From the line containing "LAPINE BLEUE ミラクルストレッチジャケット" to the last line of the data, both included, transcribe each line exactly, leaving out pictures and adding nothing.
⟨
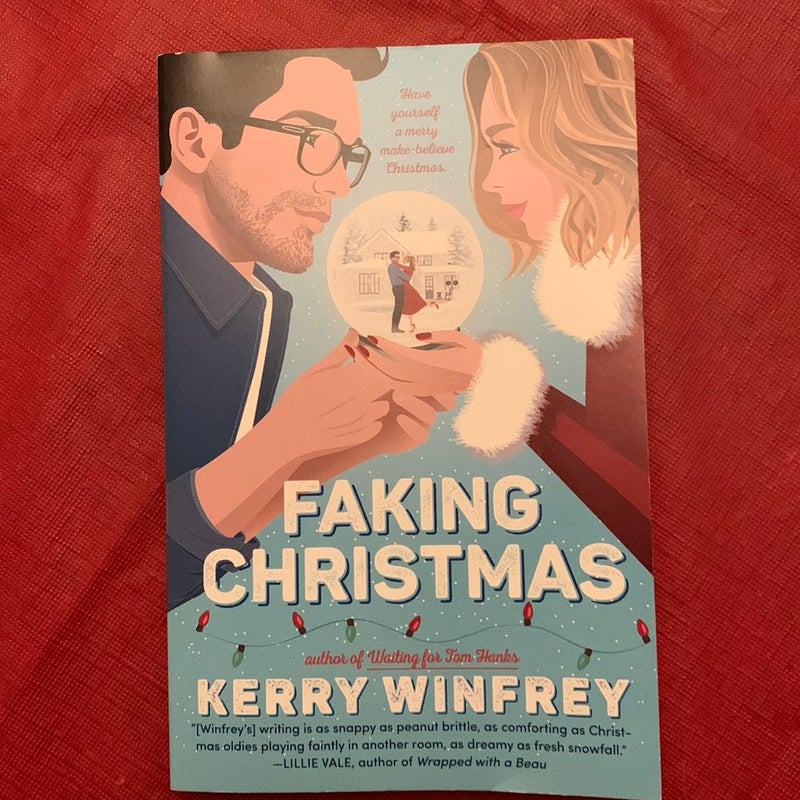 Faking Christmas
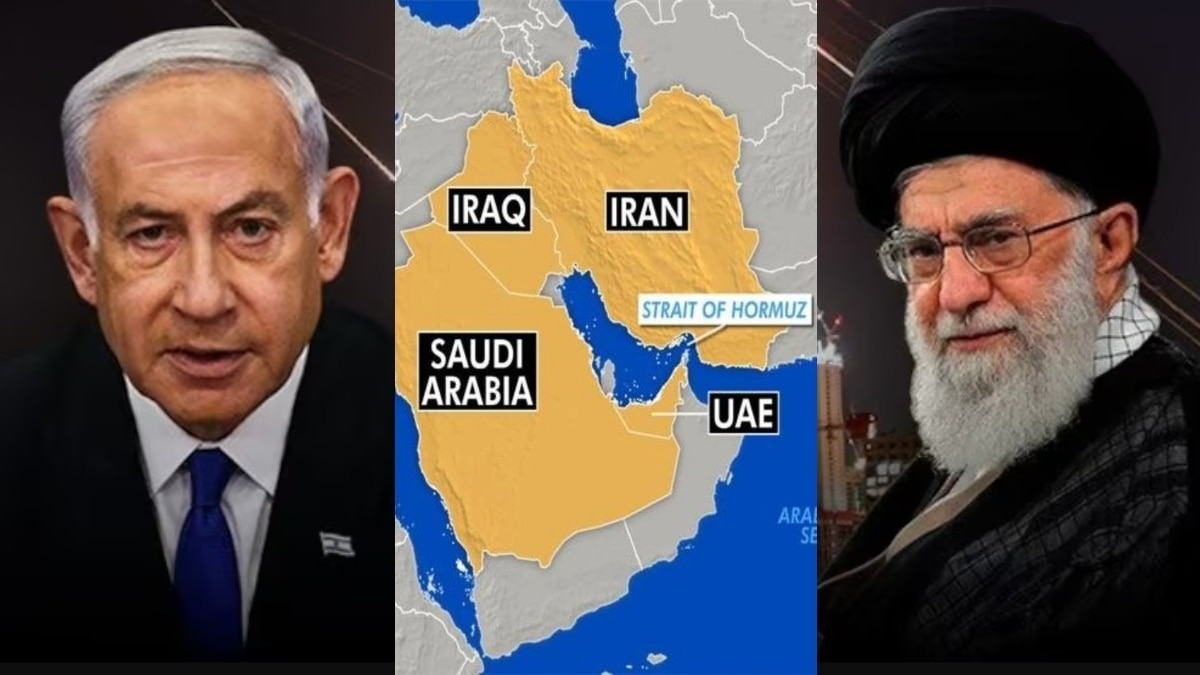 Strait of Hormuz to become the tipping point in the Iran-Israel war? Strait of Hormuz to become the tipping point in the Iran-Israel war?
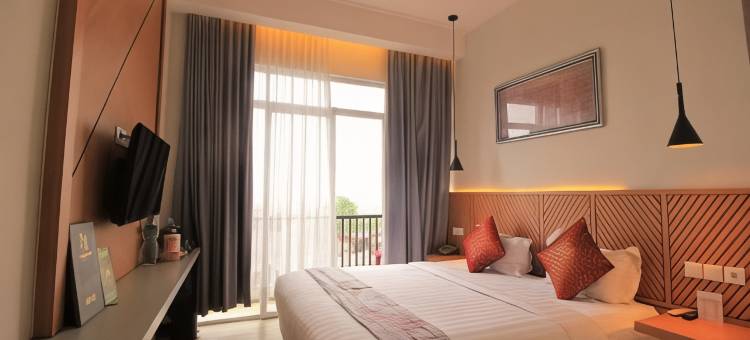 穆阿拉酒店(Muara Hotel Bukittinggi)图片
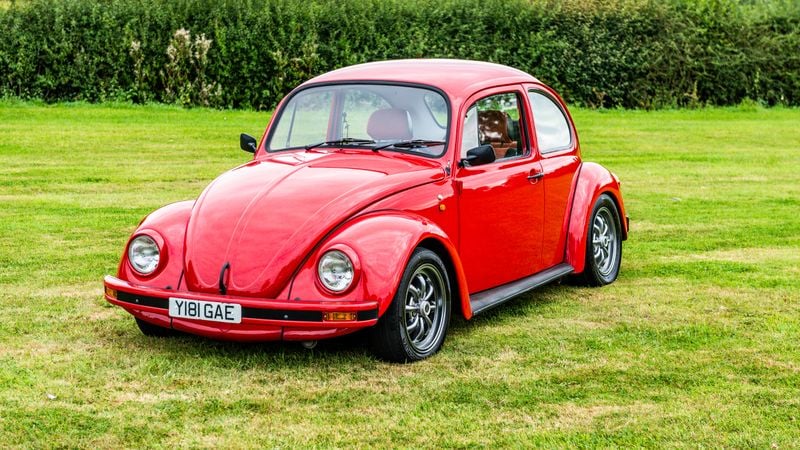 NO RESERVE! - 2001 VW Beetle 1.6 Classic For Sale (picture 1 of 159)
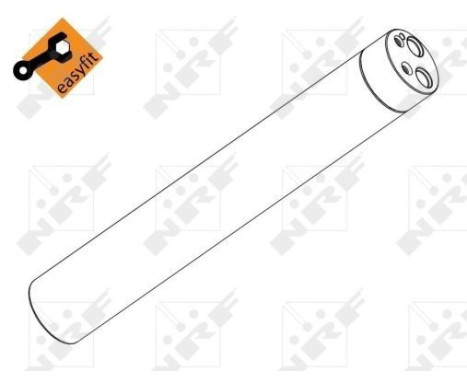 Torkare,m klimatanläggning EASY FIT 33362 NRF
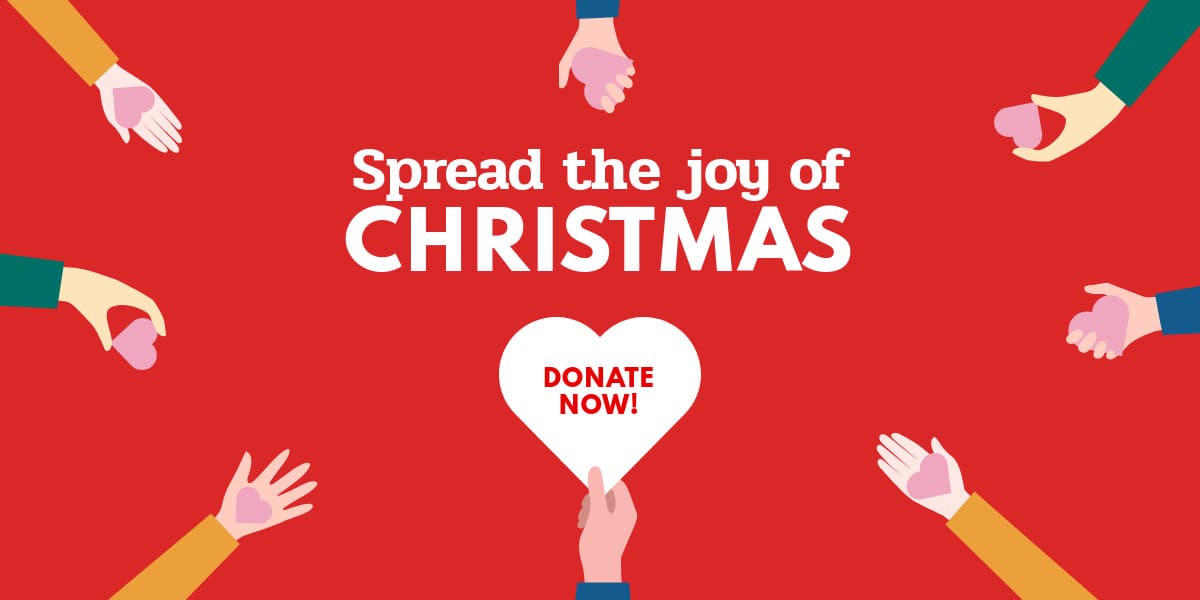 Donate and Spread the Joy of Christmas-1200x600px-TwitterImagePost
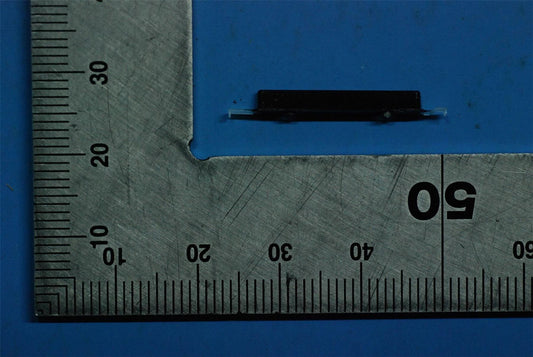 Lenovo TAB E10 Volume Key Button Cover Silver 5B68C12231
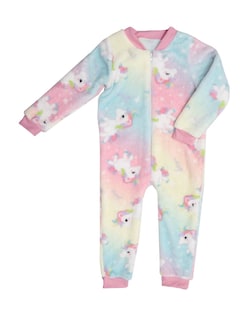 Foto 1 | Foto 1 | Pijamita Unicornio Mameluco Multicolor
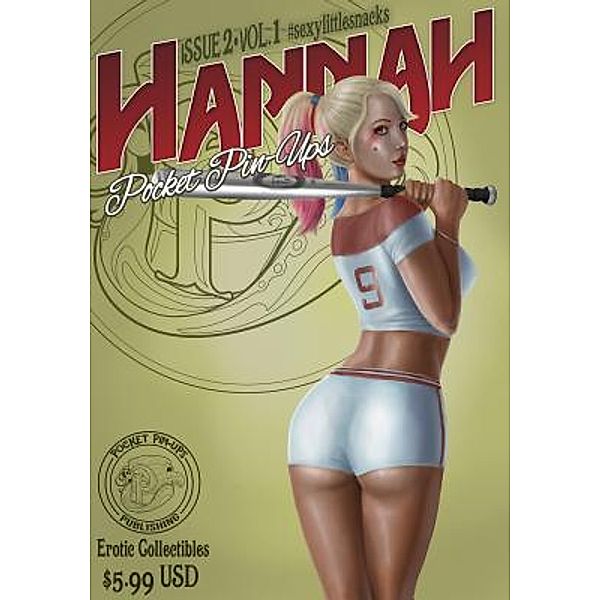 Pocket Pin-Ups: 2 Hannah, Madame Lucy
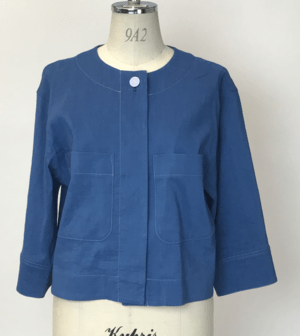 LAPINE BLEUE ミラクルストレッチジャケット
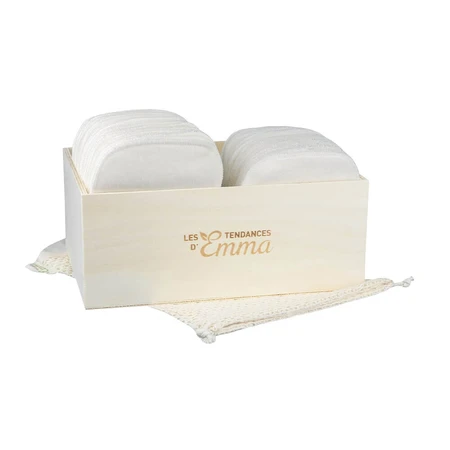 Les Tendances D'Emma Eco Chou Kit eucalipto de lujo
⟩
#### Solved exercise
 LAPINE BLEUE ミラクルストレッチジャケット
 Les Tendances D'Emma Eco Chou Kit eucalipto de lujo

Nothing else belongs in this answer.